Il y a six mois, tout semblait possible. Le Gabon pouvait décrocher un poste stratégique de Commissaire, essentiel pour son développement économique et social. Le principe de rotation et une légitimité technique incontestable lui étaient favorables. Aujourd’hui, le pays est isolé.
La stratégie gabonaise a déraillé en janvier. Au lieu de défendre les intérêts économiques notamment les politiques agricoles, le développement humain, le marché commun, les infrastructures essentielles (routes, télécommunications, électricité), Libreville s’est focalisé sur un poste politique. Un choix catastrophique. La République Centrafricaine, mieux positionnée juridiquement et techniquement, a surgi comme favorite.
« C’est un véritable cadeau offert aux autres pays », souffle un diplomate chevronné. « Nous avons sacrifié les postes de développement essentiels, notamment les infrastructures, le marché commun, le développement humain et l’agriculture. »
Dans la salle, la délégation gabonaise est restée inflexible. Pendant que Guinée Equatoriale, Tchad, Congo, Cameroun et Angola multipliaient les propositions de compromis, Libreville campait sur sa position. Trois heures de discussions bloquées. Trois heures de paralysie.
Derrière ce fiasco, des carences structurelles inquiétantes. Méconnaissance des codes diplomatiques régionaux, absence de mémoire institutionnelle, manque de négociateurs expérimentés. L’ancien échec de 2020, celui de 2025, personne ne l’a étudié.

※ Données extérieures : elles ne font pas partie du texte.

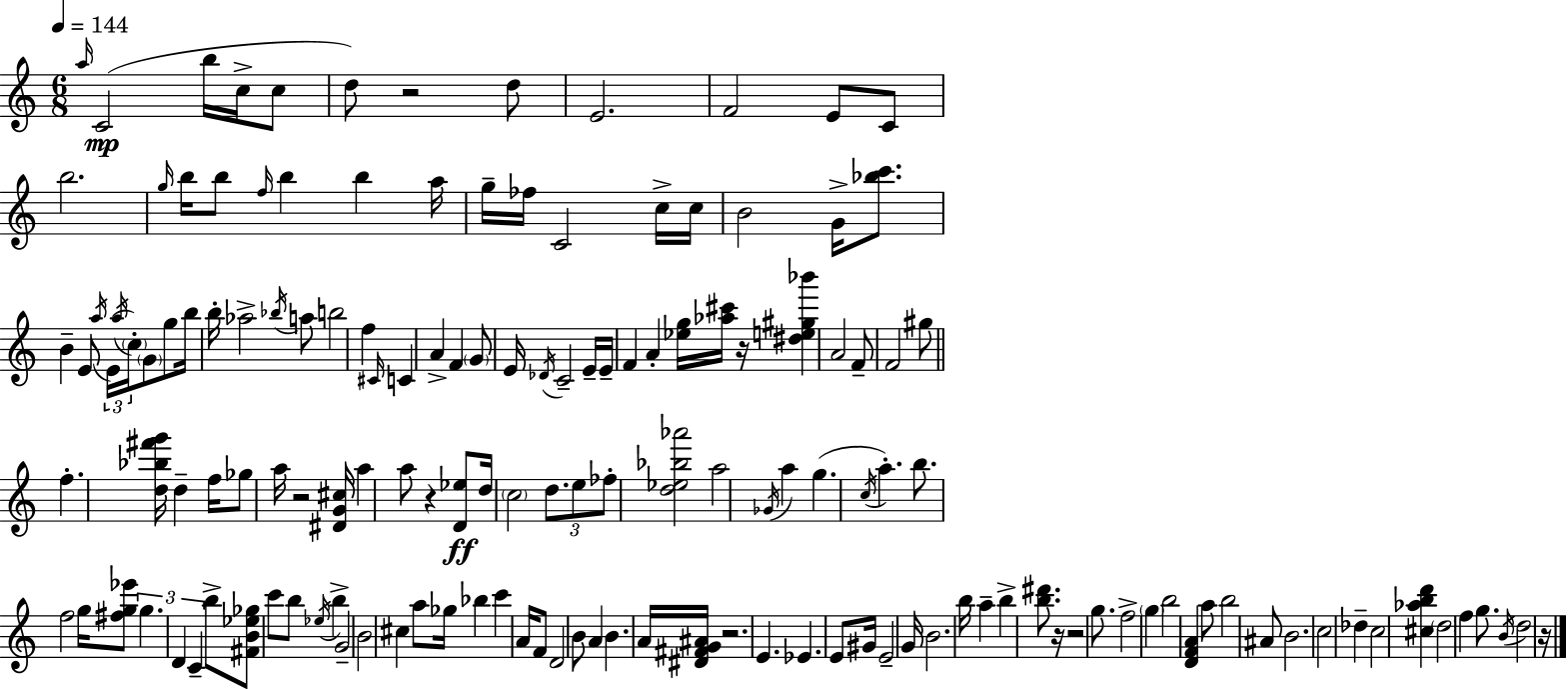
{
  \clef treble
  \numericTimeSignature
  \time 6/8
  \key a \minor
  \tempo 4 = 144
  \grace { a''16 }(\mp c'2 b''16 c''16-> c''8 | d''8) r2 d''8 | e'2. | f'2 e'8 c'8 | \break b''2. | \grace { g''16 } b''16 b''8 \grace { f''16 } b''4 b''4 | a''16 g''16-- fes''16 c'2 | c''16-> c''16 b'2 g'16-> | \break <bes'' c'''>8. b'4-- e'8 \acciaccatura { a''16 }( \tuplet 3/2 { e'16 \acciaccatura { a''16 }) | \parenthesize c''16-. } \parenthesize g'8 g''8 b''16 b''16-. aes''2-> | \acciaccatura { bes''16 } a''8 b''2 | f''4 \grace { cis'16 } c'4 a'4-> | \break f'4 \parenthesize g'8 e'16 \acciaccatura { des'16 } c'2-- | e'16-- e'16-- f'4 | a'4-. <ees'' g''>16 <aes'' cis'''>16 r16 <dis'' e'' gis'' bes'''>4 | a'2 f'8-- f'2 | \break gis''8 \bar "||" \break \key c \major f''4.-. <d'' bes'' fis''' g'''>16 d''4-- f''16 | ges''8 a''16 r2 <dis' g' cis''>16 | a''4 a''8 r4 <d' ees''>8\ff | d''16 \parenthesize c''2 \tuplet 3/2 { d''8. | \break e''8 fes''8-. } <d'' ees'' bes'' aes'''>2 | a''2 \acciaccatura { ges'16 } a''4 | g''4.( \acciaccatura { c''16 } a''4.-.) | b''8. f''2 | \break g''16 <fis'' g'' ees'''>8 \tuplet 3/2 { g''4. d'4 | c'4-- } b''8-> <fis' b' ees'' ges''>8 c'''8 | b''8 \acciaccatura { ees''16 } b''4-> g'2-- | b'2 cis''4 | \break a''8 ges''16 bes''4 c'''4 | a'16 f'8 d'2 | b'8 a'4 b'4. | a'16 <dis' fis' g' ais'>16 r2. | \break e'4. ees'4. | e'8 gis'16 e'2-- | g'16 b'2. | b''16 a''4-- b''4-> | \break <b'' dis'''>8. r16 r2 | g''8. f''2-> \parenthesize g''4 | b''2 <d' f' a'>4 | a''8 b''2 | \break ais'8 b'2. | c''2 des''4-- | c''2 <cis'' aes'' b'' d'''>4 | \parenthesize d''2 f''4 | \break g''8. \acciaccatura { b'16 } d''2 | r16 \bar "|."
}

Cette semaine, la Présidence de la CEEAC et la Conférence des Chefs d’Etat trancheront. Trois issues se dessinent .
La RCA obtient le poste. Le Gabon repart bredouille. Probabilité : 60 %.
Libreville arrache le poste, mais au prix d’un isolement durable et de relations détériorées avec Bangui. Probabilité : 10 %.
Un compromis de dernière minute pourrait réattribuer un autre poste. Mais l’obstination gabonaise rend cette option fragile. Probabilité : 30 %.
Les relations avec la RCA, alliée historique, sont fragilisées. La crédibilité du Gabon au sein de la CEEAC est écornée. Le récit du « nouveau Gabon », fondé sur mérite et compétence, s’effondre. Népotisme, clans, mépris de l’expertise, des pratiques de l’ancien régime réapparaissent.
Le Chef de l’Etat est désormais face à un défi majeur. Redresser la diplomatie gabonaise, corriger les failles, restaurer la crédibilité régionale. Les ajustements sont urgents. L’opportunité d’une sortie honorable existe, mais elle dépendra d’un leadership ferme et de changements dans l’appareil diplomatique.
« Le Gabon disposait de tous les atouts pour réussir. Il les a dilapidés en six mois », résume un ancien haut fonctionnaire. La leçon est dure. Mais elle peut devenir un tournant si elle est comprise à temps.